A pre-Christmas call went out to those in the Mid West: “we need cooked and bought biscuits”.

The cute hall in Walkaway which houses the CWA was overloaded with produce last Thursday, when ladies met to see what their call had produced.

On a whiteboard — standing underneath the honour board of the 88-year-old organisation — were five “must-dos”.

“Check the biscuits. Are they sealed — bag, Glad wrap? Is there a G’day note inside? Is the box/tin sealed? Is there a 2020 Hay for WA Run sticker on the outside?”

Ladies lined the biscuit-filled table as the instruction came: “Check them and then send down this end to the packers. We need more packers. When they’re packed, they go over there.

“We need a combination of commercial and homemade biscuits in each box.”

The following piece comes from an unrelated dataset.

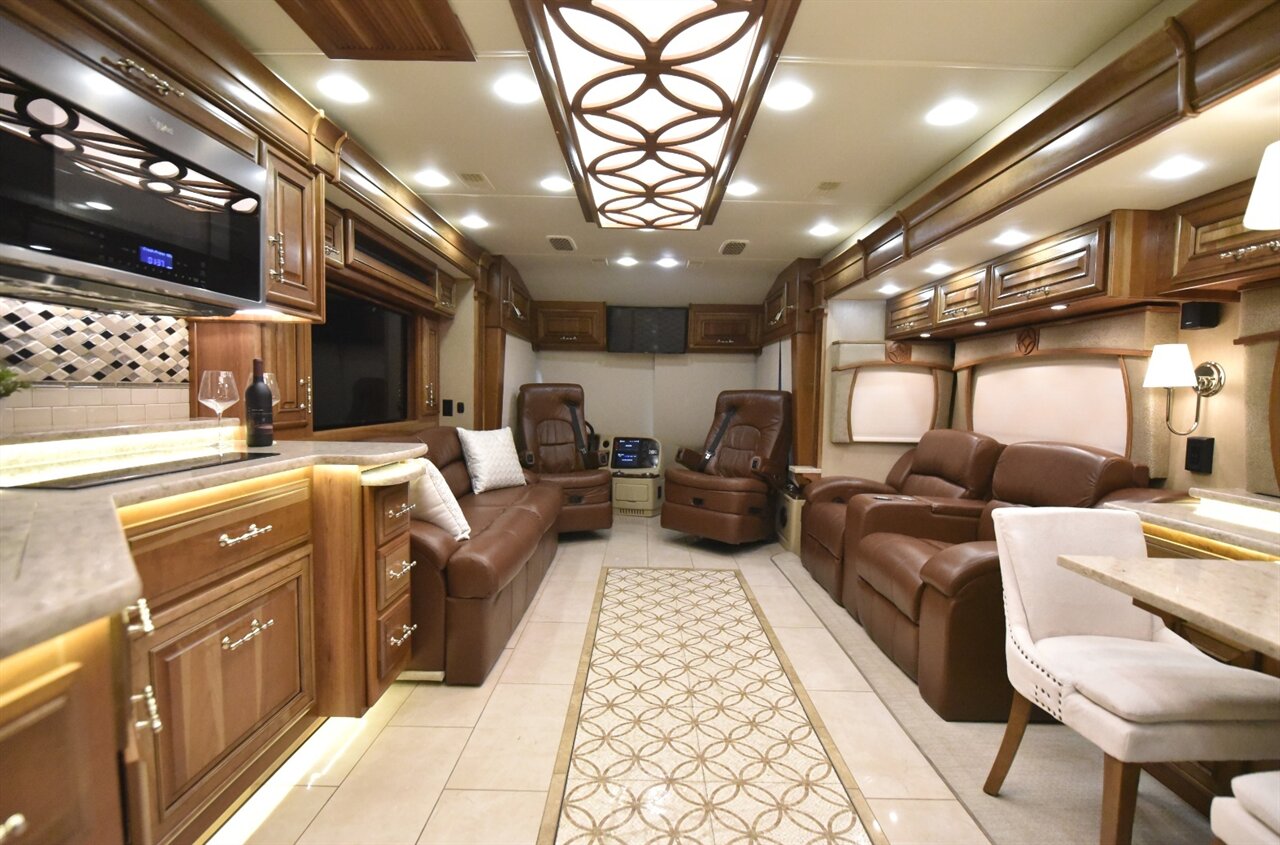 2019 Entegra Cornerstone 45F   - Photo 42 - Orange, CA 92867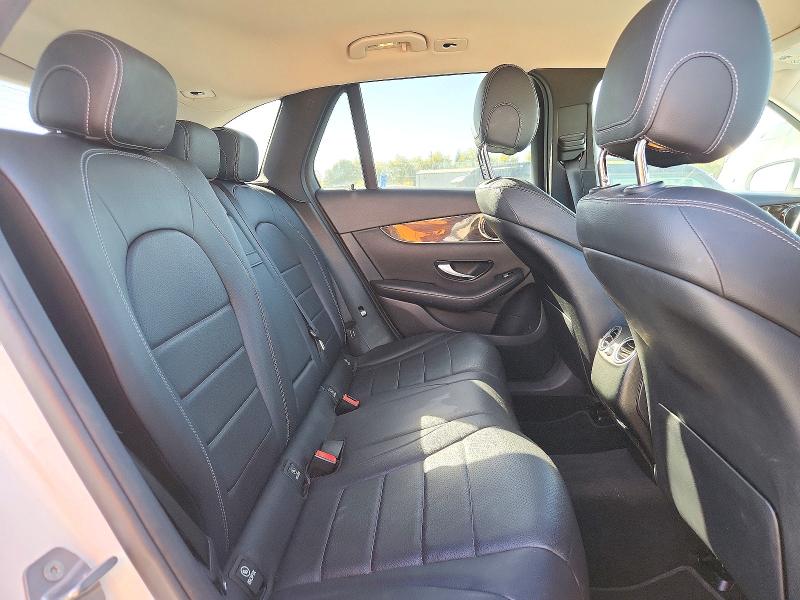 72000166 :رقم المزاد ، WDC0G4JB5JV027096 vin ، 2018 Mercedes-benz Glc مزاد بيع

And there wasn’t only tucker for humans.

Lots of dog and cat biscuits were sent.

“It’s been great to see what people do in a time of need for others,” Walkaway CWA secretary and co-ordinator of the project Miranda Woolridge said.

“If there are enough biscuits, some will go to communities on the way to the stations.”

Mrs Murfit said when she was “much younger” she and her husband delivered biscuits to the outback as part of a frontier service run by the Uniting Church.

“This makes a big difference, this is about keeping communities together because they are dying,” she said.

And don’t be fooled into thinking the ladies will be enjoying a rest.

Mrs Woolridge thinks they may be able to assist folk in Norseman and along the Nullarbor, who have been affected by fires.